Impugnación de cláusulas suelo y reclamación de gastos hipotecarios

Pese a la difusión mediática, y la actuación de algunos bancos dejando sin efecto las cláusulas suelo, siguen existiendo personas perjudicadas a las que no se les ha devuelto la cantidad debida por la aplicación de dichas cláusulas.

Al menos deberían informarse de su situación y plazos de reclamación.

Y en base a esa información, decidir.

Del mismo modo, puede reclamar la devolución de gastos relativos a la constitución de la hipoteca, debiendo informarse cuales son los que el Banco está obligado a reintegrar.

 

 

Impugnación de acuerdos de comunidades de propietarios

En primer término debe conocer los derechos y deberes de cada propietario en el régimen de propiedad horizontal.

Eso le permitirá exigir a la comunidad de propietarios la realización de determinadas actuaciones, (como reparaciones necesarias o el cese actividades por vecinos, ...).

O valorar la impugnación de acuerdos adoptados por la Comunidad, cuando crea que no debe aceptar dicho acuerdo.

En ese caso debe informarse sobre las posibilidades de su impugnación, pero sabiendo que existe un plazo para impugnarlo judicialmente:

- 3 meses desde la adopción del acuerdo, cuando se considere que son gravemente lesivos para los intereses de la propia comunidad en beneficio de uno o varios propietarios o supongan un grave perjuicio para algún propietario que no tenga obligación jurídica de soportarlo o se hayan adoptado con abuso de derecho.

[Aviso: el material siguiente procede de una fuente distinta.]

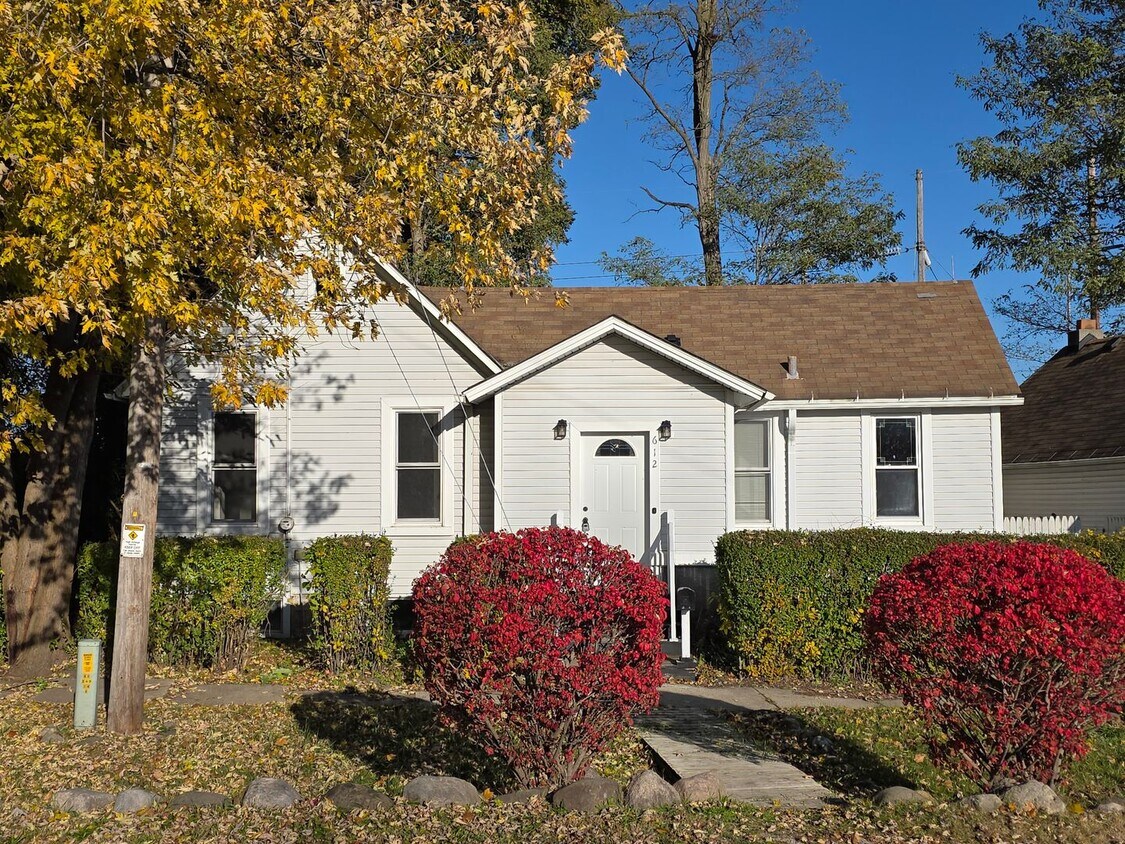 Foto principal - 2 bedroom Mukwonago home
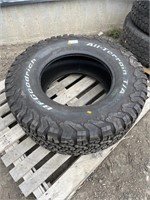 Tire 35x12.50R18LT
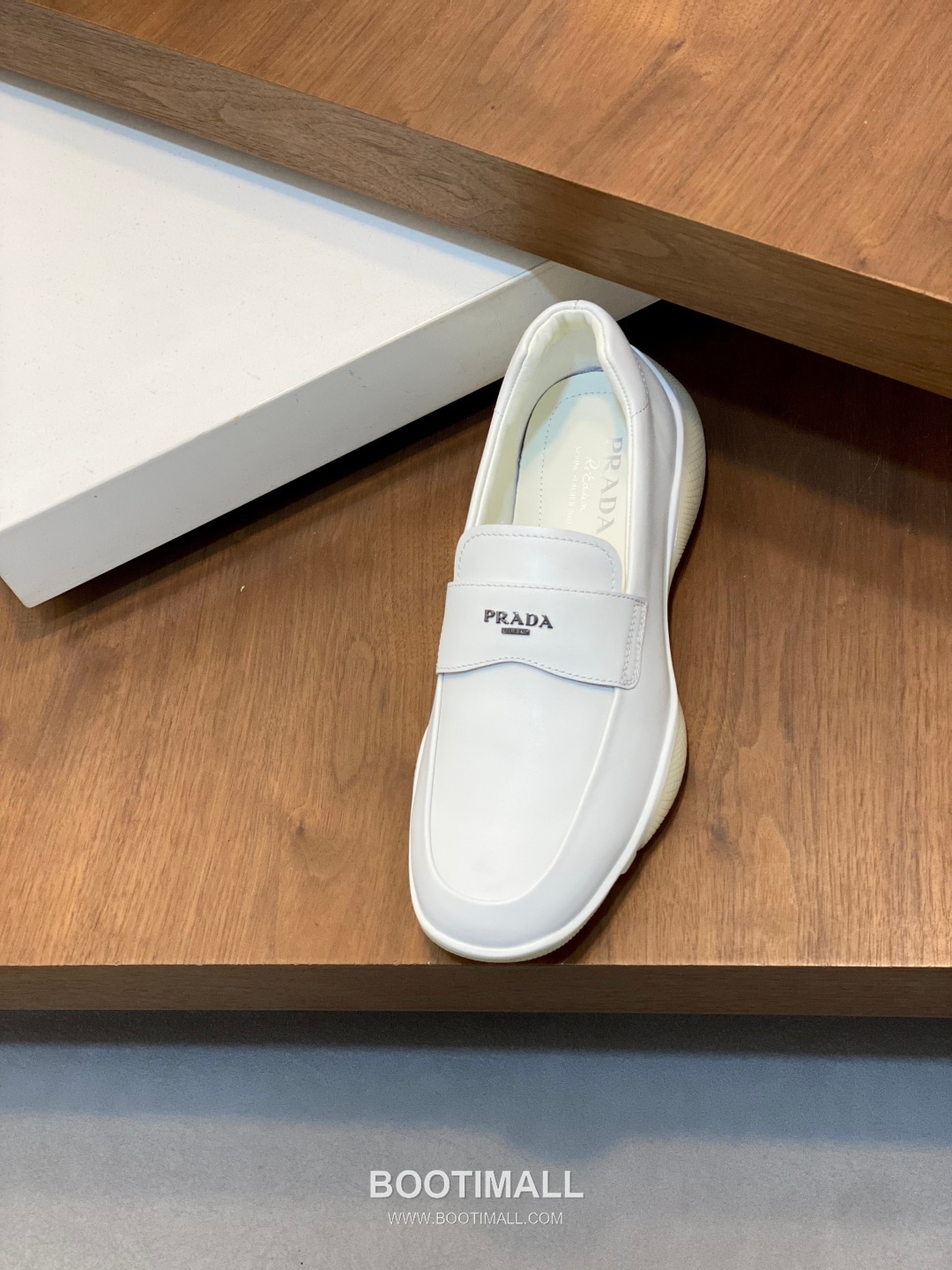 Prada Metallic Logo Calfskin Leather Slip-On Loafer Sneakers 프라다 메탈릭 로고 송아지 가죽 슬립온 로퍼 스니커즈 6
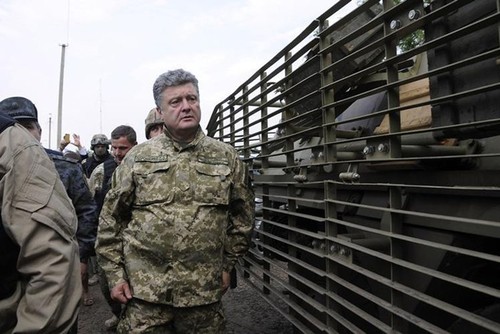 Ukrainian President resumes military campaign - ảnh 1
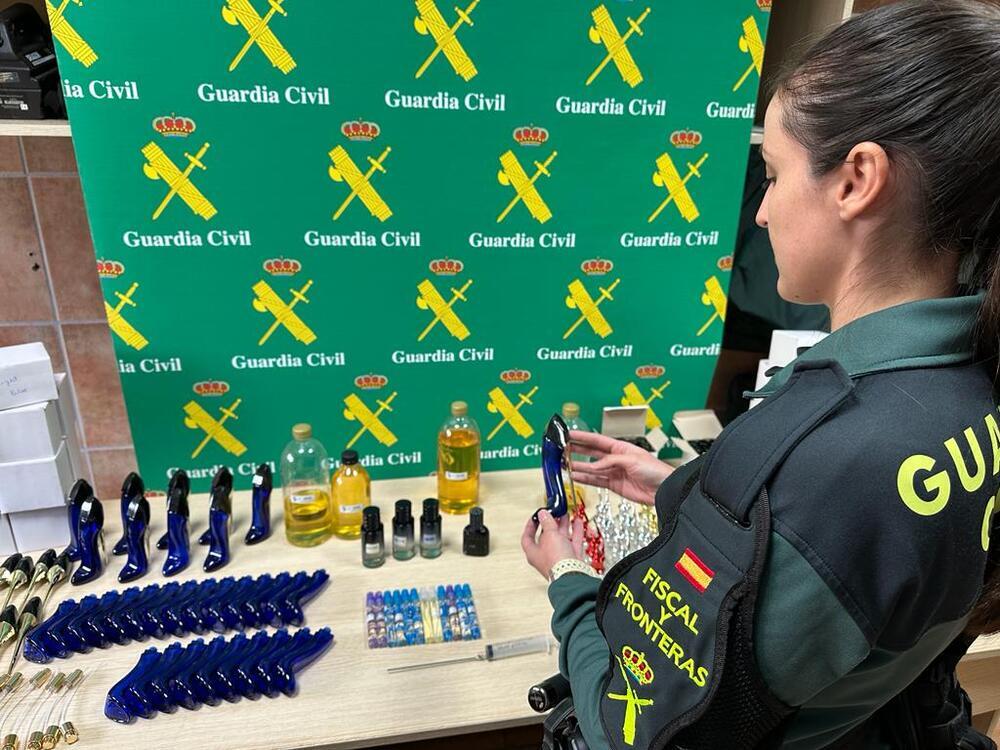 Detenido un vendedor ambulante con 675 perfumes falsos en Pamplona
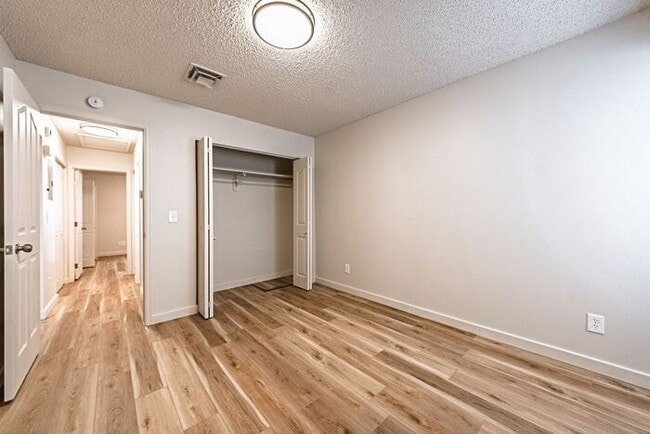 Building Photo - Renovated Charming 2-Bedroom Duplex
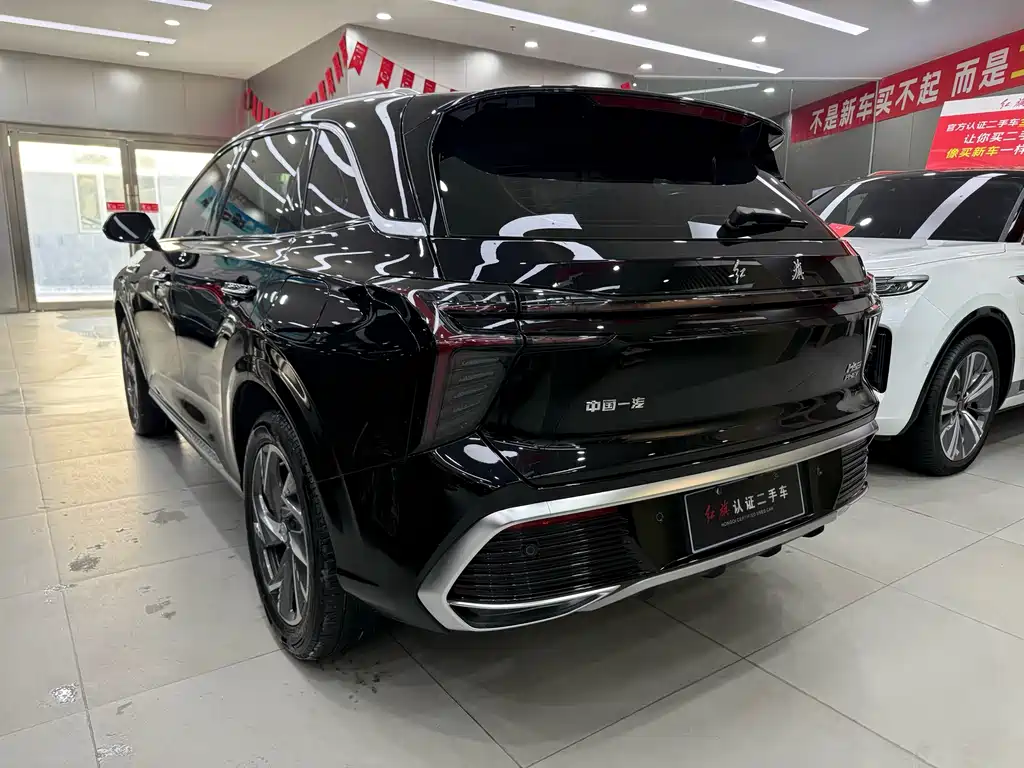 Hongqi HS3 PHEV 115 km Power Action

- 1 año para impugnar aquellos acuerdos contrarios a la Ley o a los estatutos.

Además:

- Debe haber votado en contra al acuerdo en la Junta, de haber asistido a la misma. Puede impugnarlo si no ha asistido o si se le hubiese privado indebidamente el voto.

- Y deberá estar al corriente del pago de las deudas vencidas con la comunidad. Regla que no se aplica para impugnar el acuerdo de la Junta relativo al establecimiento o alteración de cuotas de participación en la comunidad horizontal.